That's a very unlikely assumption – many people will complain about the language before even profiling their code. I've seen people do things like complain about Python's performance before, say, realizing that they were making thousands of database queries or allocating a complex object inside an inner loop. Because they've heard “The GIL makes Python slow” it's incredibly common for even fairly experienced programmers to simply assume that they can't make their program faster without rewriting it in C and they never actually confirm that assumption.
> This is false: http://benchmarksgame.alioth.debian.org/u64q/benchmark.php?t....
That's a micro-benchmark collection. It's interesting for low-level performance but it doesn't tell you much about the kind of programs most programmers write.

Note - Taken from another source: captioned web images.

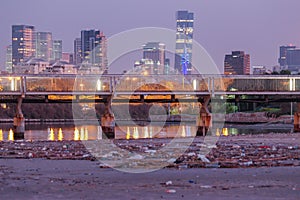 Tel-Aviv bridge and river in front of the city skyscrapers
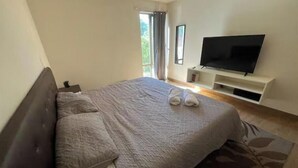 Ein Schlafzimmer mit einem Bett, einem Fernseher auf einem Schrank und einem Fenster mit Vorhängen.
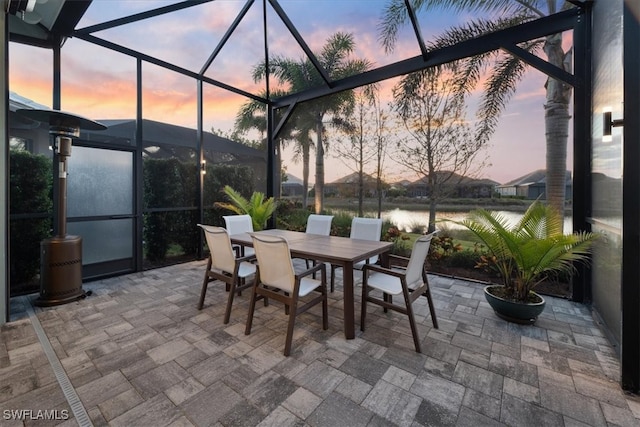 patio terrace at dusk featuring outdoor dining space and a lanai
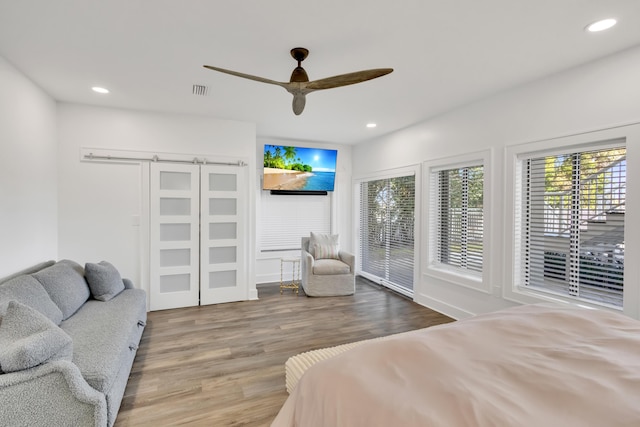 bedroom featuring hardwood / wood-style flooring, ceiling fan, and multiple windows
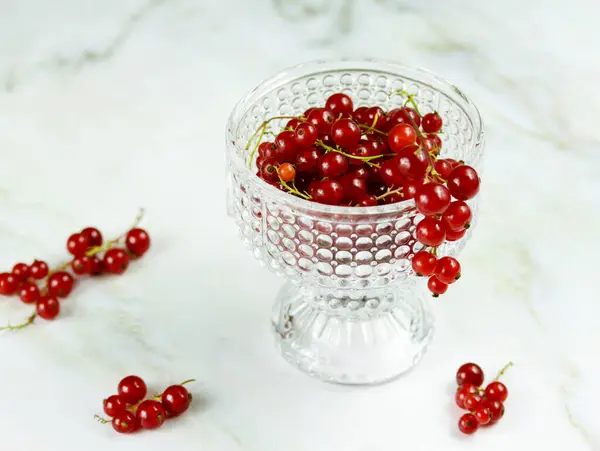 Mermer masada şeffaf kâse içinde taze kırmızı frenk üzümü. Fotokopi aletiyle birlikte açık arkaplanda olgun kırmızı frenk üzümü. Kırmızı üzümlerin minimalist fotoğrafı, seçici odak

For example, I serve a lot of images derivatives over HTTP – it's certain that are many operations which could be significantly faster if they were written in C (i.e. reading HTTP headers in place rather than decoding them into string instances) but in practice none of that matters because almost all of the total runtime is already spent in a C library.
No, it's a meagre dozen "toy programs". (See Hennessy and Patterson "Computer Architecture").
> ... many operations which could be significantly faster if they were written in C ... none of that matters because almost all of the total runtime is already spent in a C library. <
See Sawzall quote -- http://benchmarksgame.alioth.debian.org/dont-jump-to-conclus...
Agreed – my point was simply that over a couple decades I've only seen a handful of cases where a performance issue which was due to the language rather than the algorithm or simple data volume. Such problems exist but not for the majority of working programmers.